In [1]:
import nltk
from nltk import word_tokenize
from nltk.stem.wordnet import WordNetLemmatizer
from gensim.test.utils import get_tmpfile
from gensim.models import KeyedVectors
import os
import requests
import json
from bs4 import BeautifulSoup
from collections import defaultdict
nltk.download('averaged_perceptron_tagger')

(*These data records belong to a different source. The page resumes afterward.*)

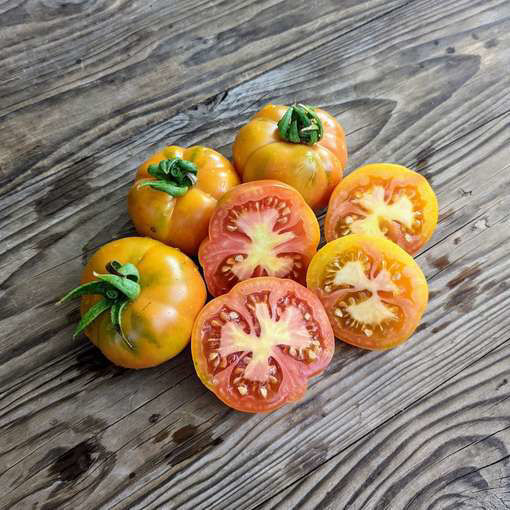 Achatado Longkeeper Tomato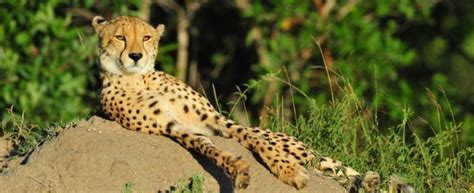 Cheetah Plains | Sabi Sand Game Reserve | South Africa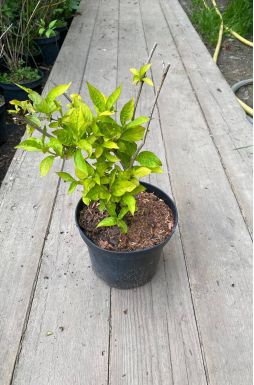 Вейгела Бриан Рубидор Олимпиада (Briant Rubidor Olympiade)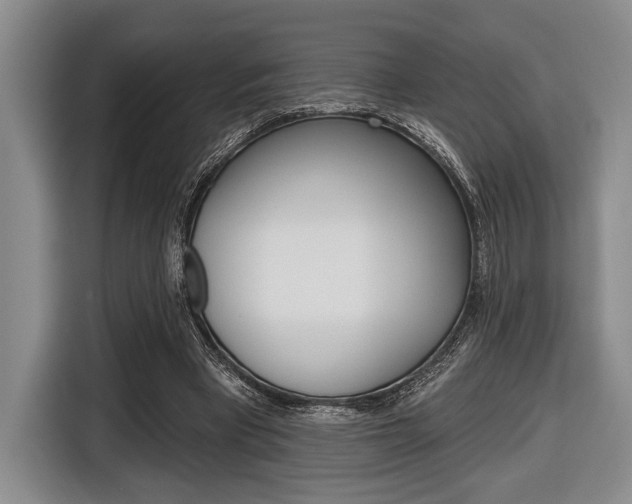 X0000116670393200912140949
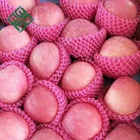 Hot Selling China Organic Fruits Fresh apples Wholesale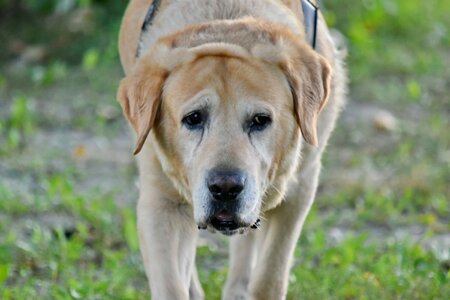 Dog head labrador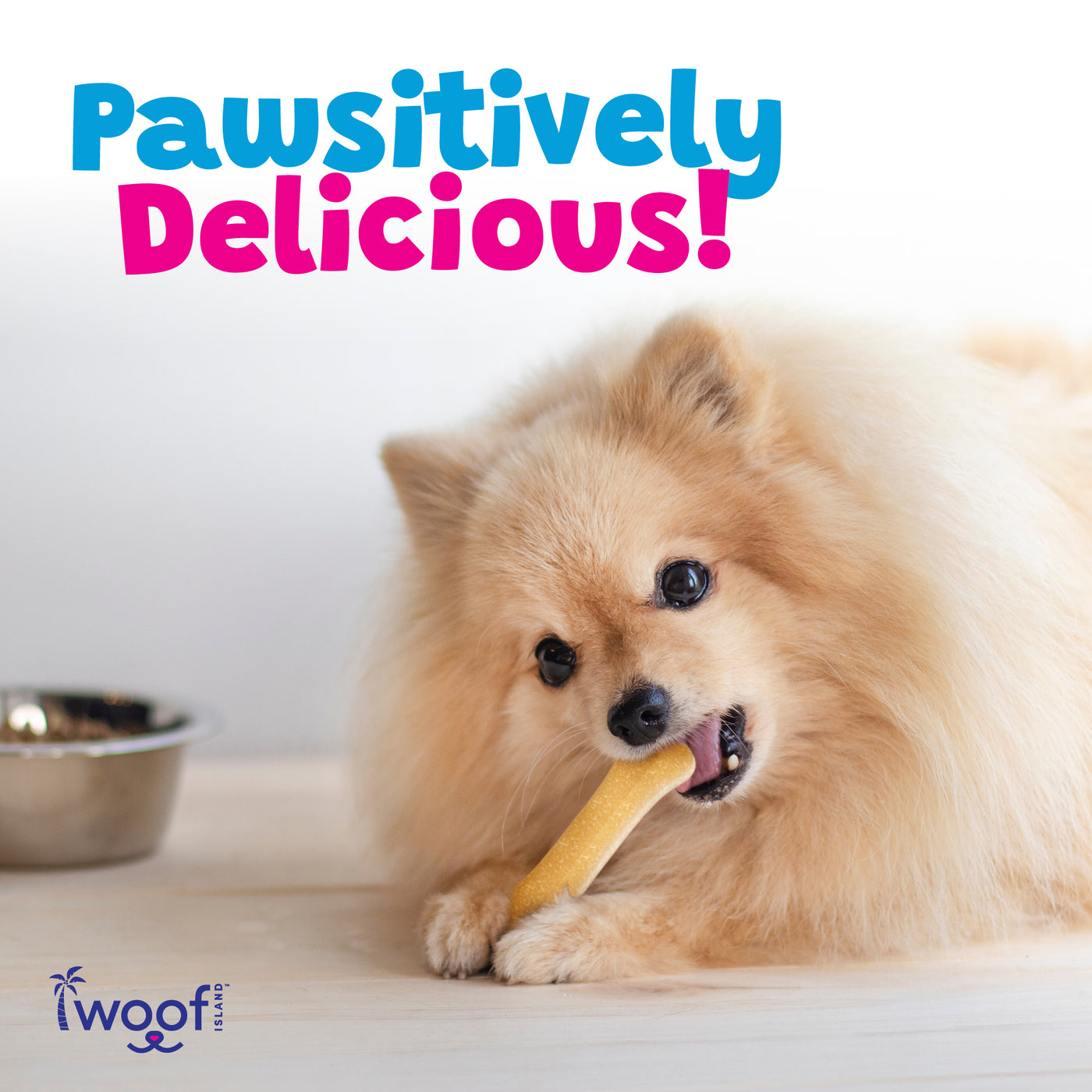Woof Island Coconut Bone Dog Chew, Rawhide-Free & Highly Digestible Dental Treat for Dogs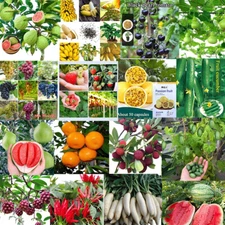 Wholesale Various Fruit S-e-e-d-s ,Guava,Banana,Watermelon,Cucumber,Orange,,etc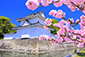二条城　桜　高画質画像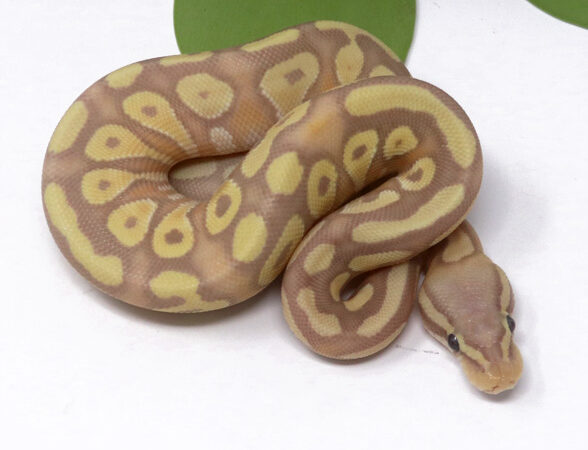 Banana Pastave (Female)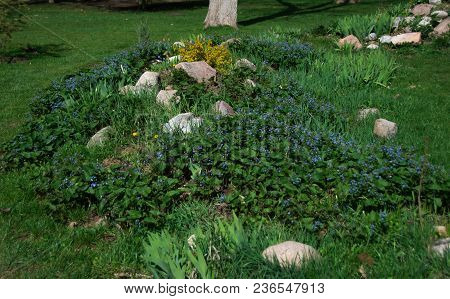 Flower Garden In The City Park, Flowers And Blue Flowers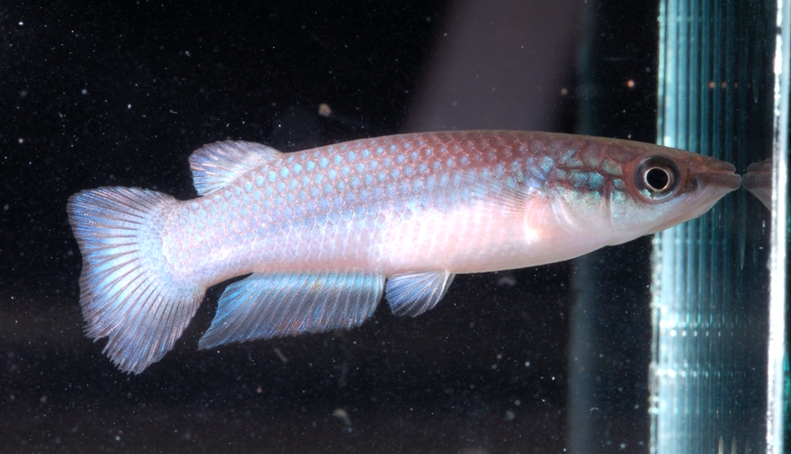 Adult male; ornamental 'blue' form.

[nltk_data] Downloading package averaged_perceptron_tagger to
[nltk_data]     /Users/YuRong/nltk_data...
[nltk_data]   Package averaged_perceptron_tagger is already up-to-
[nltk_data]       date!


True

# Function definition

In [9]:
NGRAM_API_URI = "https://{0}.linggle.com/query/"
class Linggle:
    def __init__(self, ver='www'):
        self.ver = ver

    def __getitem__(self, query):
        return self.search(query)

    def search(self, query):
        query = query.replace('/', '@')
        req = requests.get(NGRAM_API_URI.format(self.ver) + query)
        results = req.json()
        return results.get('ngrams', [])
    
    
def extract(soup):
    word_list = []
    for term in soup.select('.pt-list-terms'):
        count = 0    
        for item in term.select('.pt-list-terms__item'):
            if item.select('.pt-list-rating__indicator--high'):
                for title in item.select('.pt-thesaurus-card__term-title'):
                    if title.select_one('.link--term'):
                        if count == 3:
                            break
                        else:
                            count += 1
                            word_list.append(title.select_one('.link--term').text)
    return word_list

def crawl(url):
    headers = { 'User-Agent': 'Mozilla/5.0 (Windows NT 6.0; WOW64; rv:24.0) Gecko/20100101 Firefox/24.0' }
    source_code = requests.get(url , headers=headers).content
    soup = BeautifulSoup(source_code, 'html.parser')
    return extract(soup)
    
def synonymsPT(word):
    r = 'https://www.powerthesaurus.org/'+ word +'/synonyms'
    synonymsList = crawl(r)
    max_count = 0
    max_word = word
    for synonym in synonymsList:
        count = sum([row[1] for row in ling[word+" _"]][:10]) + sum([row[1] for row in ling["_ "+word]][:10])
        s_count = sum([row[1] for row in ling[synonym+" _"]][:10]) + sum([row[1] for row in ling["_ "+synonym]][:10])
        if s_count > (2*count) and s_count > 800000:
            max_count = s_count
            max_word = synonym
    return max_word

def crawlCNN(url):
    headers = { 'User-Agent': 'Mozilla/5.0 (Windows NT 6.0; WOW64; rv:24.0) Gecko/20100101 Firefox/24.0' }
    source_code = requests.get(url , headers=headers).content
    soup = BeautifulSoup(source_code, 'html.parser')
    
    paragraph = ""
    for big_block in soup.select('.zn-body__paragraph'):
        paragraph += big_block.text + '\n'
    
    return paragraph

# Read glove embedding file

In [3]:
model = KeyedVectors.load_word2vec_format(os.getcwd()+"/glove_300d_word2vec.txt")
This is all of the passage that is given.